After Flo’s initial diagnosis, the tree was inspected by a small team of independent arborists and later by a city structural engineer. The inspectors concluded that while options to prolong Flo’s presence with added supports existed (an endeavor Save Our Springs advocated for and estimated could cost between $10,000 and $30,000), none could fully ensure the safety of pool patrons. “A tree of this size in an area of high use, even with barricades blocking access, is a life safety hazard,” Austin Parks and Recreation director Kimberly McNeeley said in a memo announcing the planned removal of Flo. 

“Quick show of hands—has anyone ever done tree cavity work?” Gardner asked Wednesday’s crowd after recounting how a large hollow in Flo’s trunk was filled with cement in the 1970s. A common practice at the time, cavity filling was thought to help keep a tree supported and healthy, but it is no longer done and has since been found to sometimes further damage an ailing tree. Just one man raised his hand (“To tell the truth, I kind of recognize you,” Gardner joked). When I found him in the crowd later, Jim Rogers told me that his ties to the event went beyond experience in tree work. “I worked on that exact tree. I was twenty-four years old, and I helped plant the one on top of it,” Rogers said.
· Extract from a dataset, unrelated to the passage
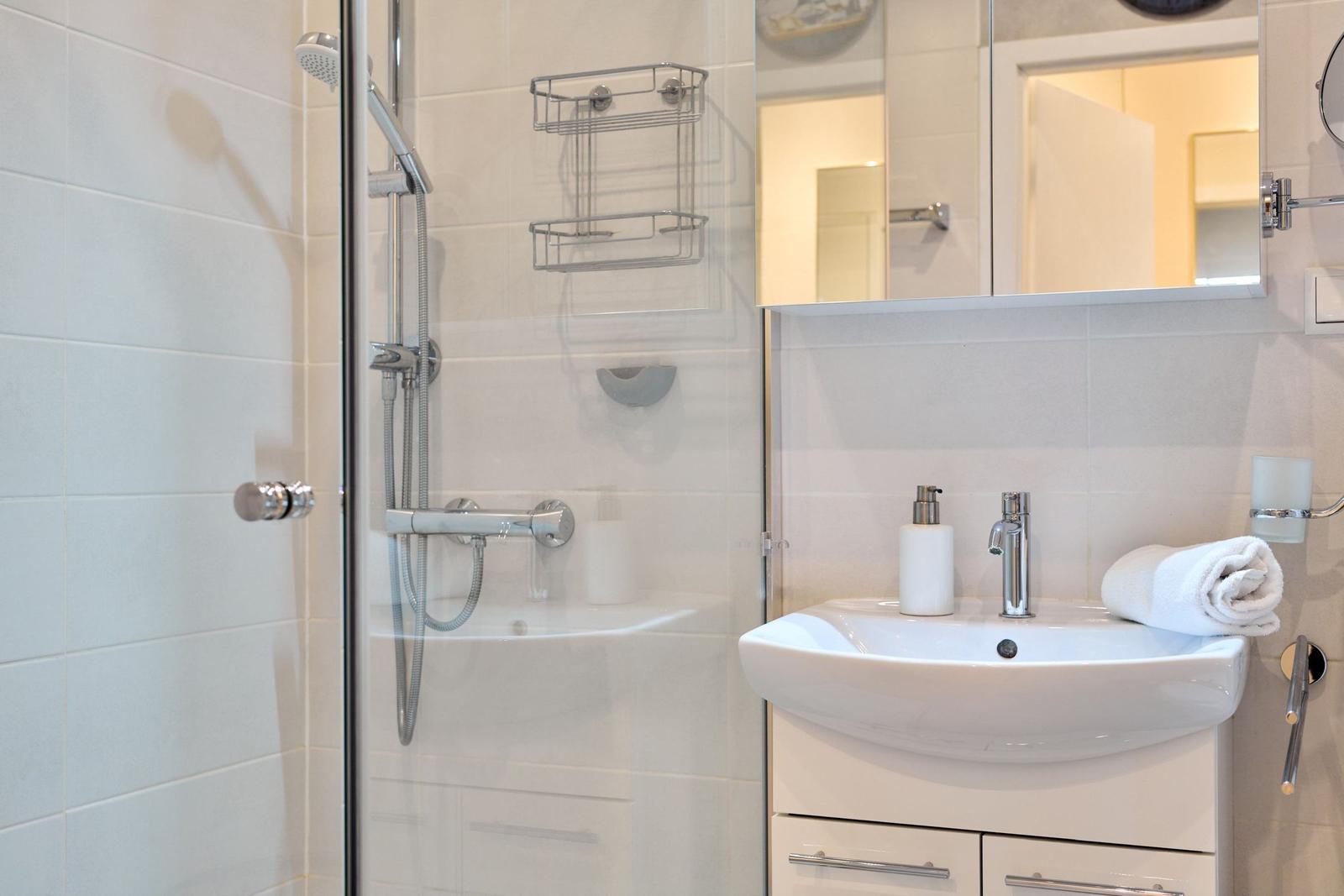 Bad mit Dusche, Waschbecken und Spiegel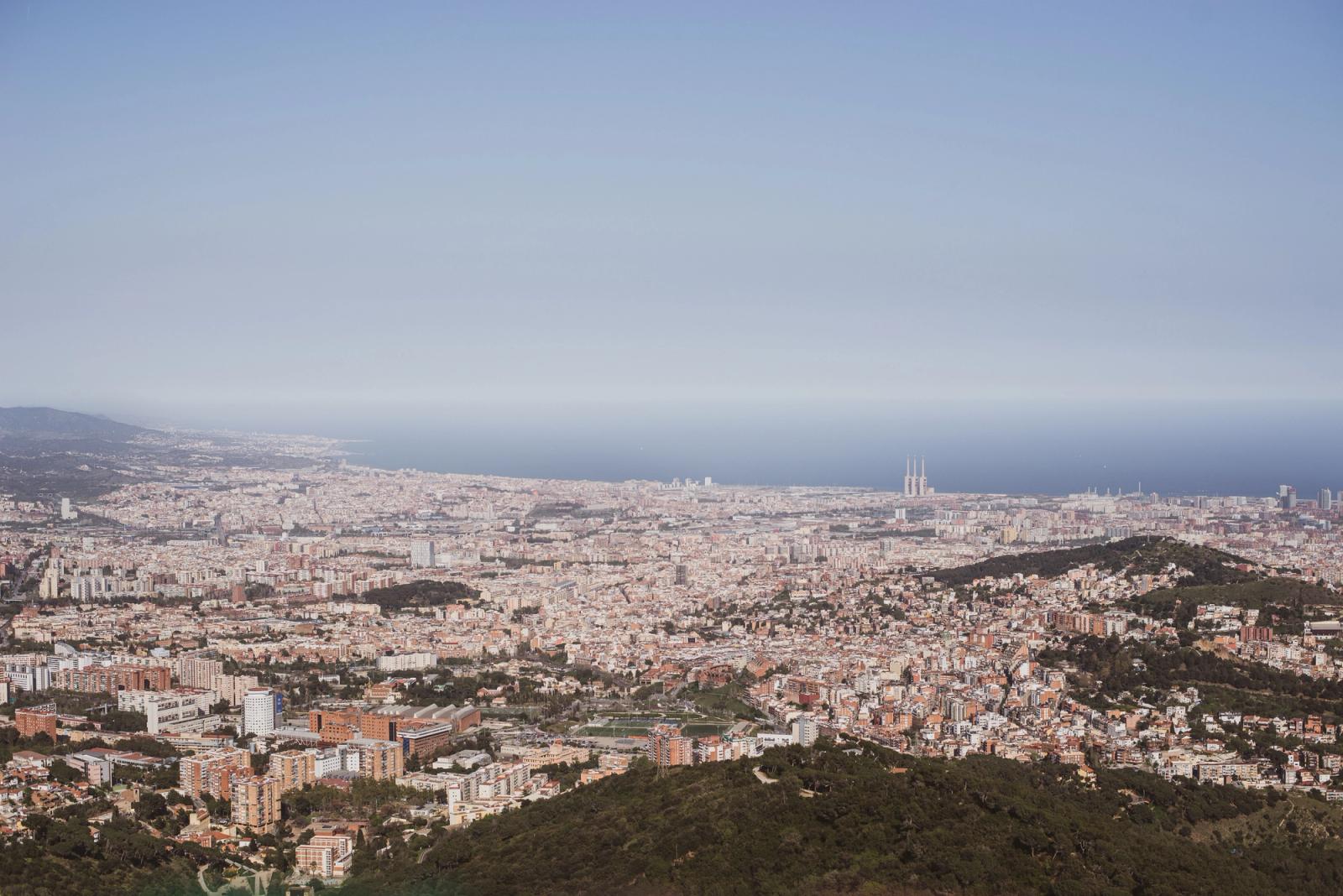 Stunning aerial view of Barcelona city with its coastline and iconic landmarks under a clear sky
Often mistaken as being an extension of Flo, the tree Rogers was referring to was planted with the future in mind. The fully upright pecan sits directly behind Flo and was intended to create shade in the same area. Although it’s not quite as thick and lacks the quirky slant that endeared Flo to so many, the time for the healthy, upright tree to stand alone has come. 

Wednesday’s event was a chance for Austinites to say goodbye to Flo. “People have asked me a lot over my career, ‘Do people grieve for trees?’ ” Gardner said. “Let me tell you, they really do. I’ve grieved over many trees, and I’m grieving over this tree.”
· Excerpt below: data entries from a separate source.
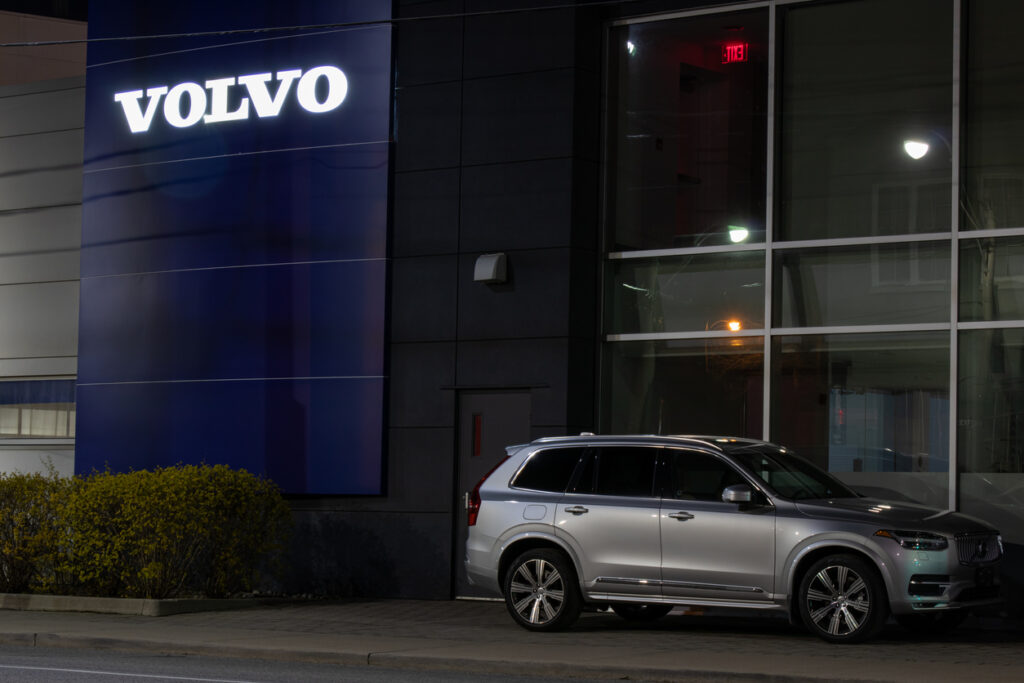 Volvo Dealership at Night with XC90 SUV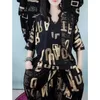 Traje de mujer versión coreana de verano Tops holgados con estampado pantalones Harem dos conjuntos a juego Ropa de talla grande a la moda para mujer 240117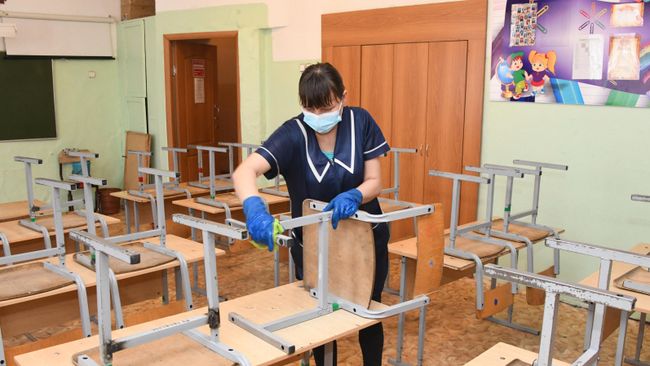 Сотрудница школы проводит санитарную обработку класса в школе Сотрудница школы проводит санитарную обработку класса в школе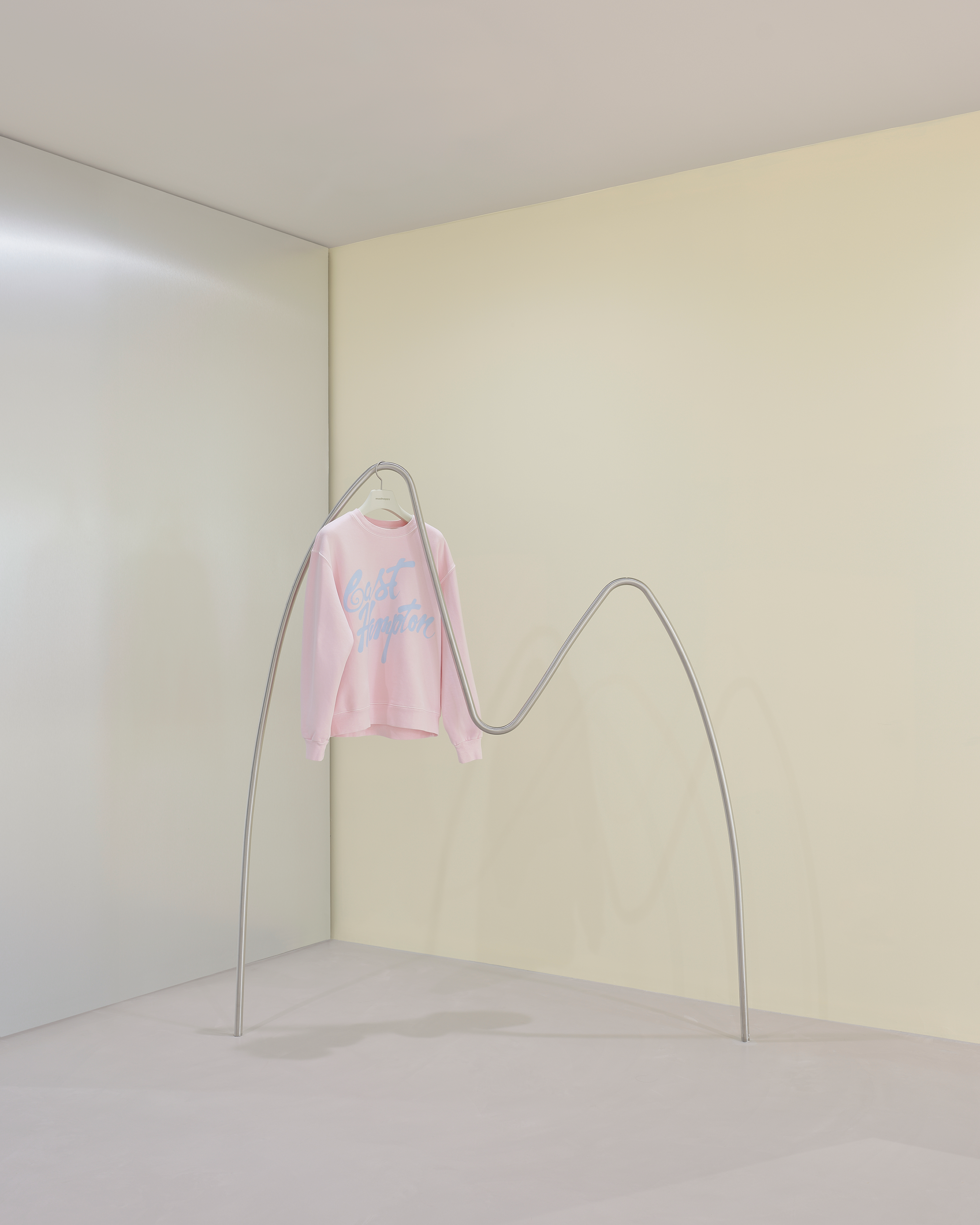 A light pink sweatshirt with blue text hangs from a sculptural, wavy silver metal clothing rack in a minimalist room.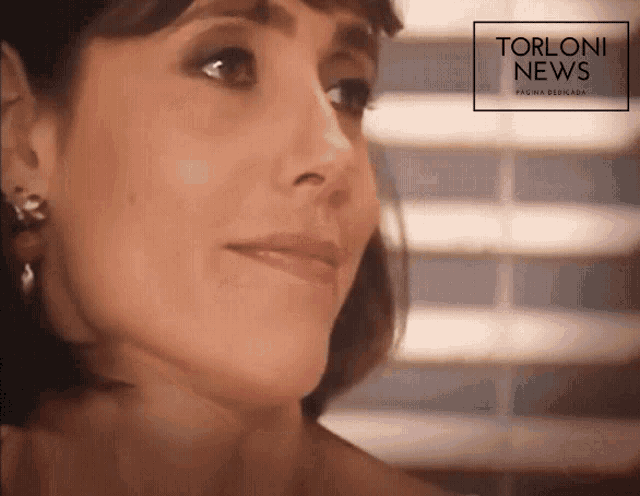 a close up of a woman 's face with a torloni news advertisement in the background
After a water blessing performed by a member of the Native American Church, a few memories of Flo were read aloud, and Gardner offered his thoughtful reflections. There were only a few (though loud) interruptions from Save Our Springs executive director Bill Bunch, who shouted “But it is safe!” and “You should feel guilty!” while holding a sign overhead appealing to the crowd to protest the tree’s removal. “This is my friend Bill,” Gardner said into the mic before carrying on. Then the short celebration of Flo’s decades-long life was complete. Less than a minute after lifeguards whistled the go-ahead, a chorus of splashes resounded as swimmers resumed their laps. The rest of the crowd seemed reluctant to leave—lingering and chatting while some timidly sidled up to Flo. 

The text on Bunch’s sign read “CHOOSE BEAUTY” in big block letters. But even with my back to Flo’s bowing trunk, facing a group of engaged community members of many ages (the youngest who came to pay respects was propped up on a hip and screeching excitedly), things were looking pretty good.